Rather, my suggestion is that the ideal system for dealing with patent RAND commitments going forward would be one administered centrally by the PTO and modeled loosely on real property title registries. RAND commitments to the general public are akin to public rights-of-way or other easements over real property: they are encumbrances, in favor of the general public, on the property. And, just as the scope and validity of an easement on real property is efficiently and publicly settled by appending it, delineated however the property owner consents it to be delineated, to the record of title for the underlying realty at the local property registry, an official, conclusive (apart from fraudulent registration) documentation of a RAND commitment could, with appropriate legal authorization, be appended to the record of the patents it encumbers at the PTO. Moreover, that federal registration could be made the basis for a federal cause of action to enforce RAND commitments which could be channeled into appeals to the Federal Circuit, thus minimizing forum-shopping and facilitating the development of coherent and predictable doctrine interpreting RAND commitments.

There are many possible objections to this suggestion – not least that it would likely require legislation and extra funding for the PTO, which could be politically difficult.

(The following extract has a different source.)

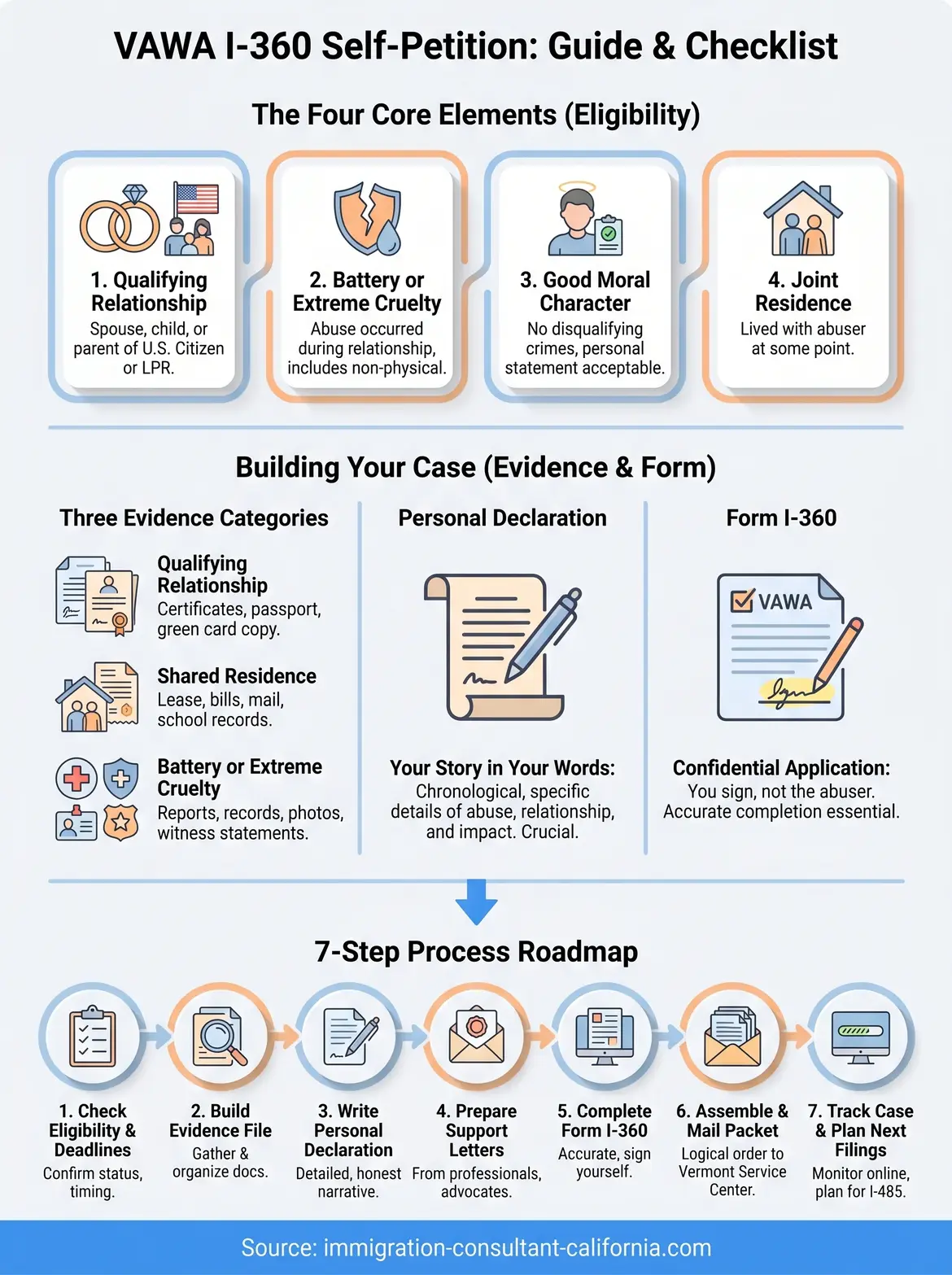 vawa petition paperwork help infographic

But the expense of centralized title registration has long been proven worthwhile for real property, and it is at least as important to provide clarity with respect to rights to patents – particularly patents important enough to be subject to public RAND commitments. There would, of course, be transitional problems with respect to patents already subject to RAND commitments, and the formality and transaction costs (including costs of determining precisely which in a large portfolio of patents are included in a general RAND commitment) could deter some RAND committers from registering. Ultimately, however, honest RAND committers will commit if the benefit of committing outweighs the cost, and strengthening, publicizing and clarifying the commitment by means of a PTO record should generally enhance any net positive value of a RAND commitment. And the market could learn to devalue – and SSOs and antitrust enforcers could amend their rules and practices to deem insufficient – unregistered RAND commitments.

This suggestion may or may not ultimately feasible, and the devil would be in the details if it is. But in an area strewn with complex overlapping IP, antitrust and contract doctrine, stepping back to look at broader analogies, and trying to imagine what an ideal regime would look like, seems like a worthwhile project.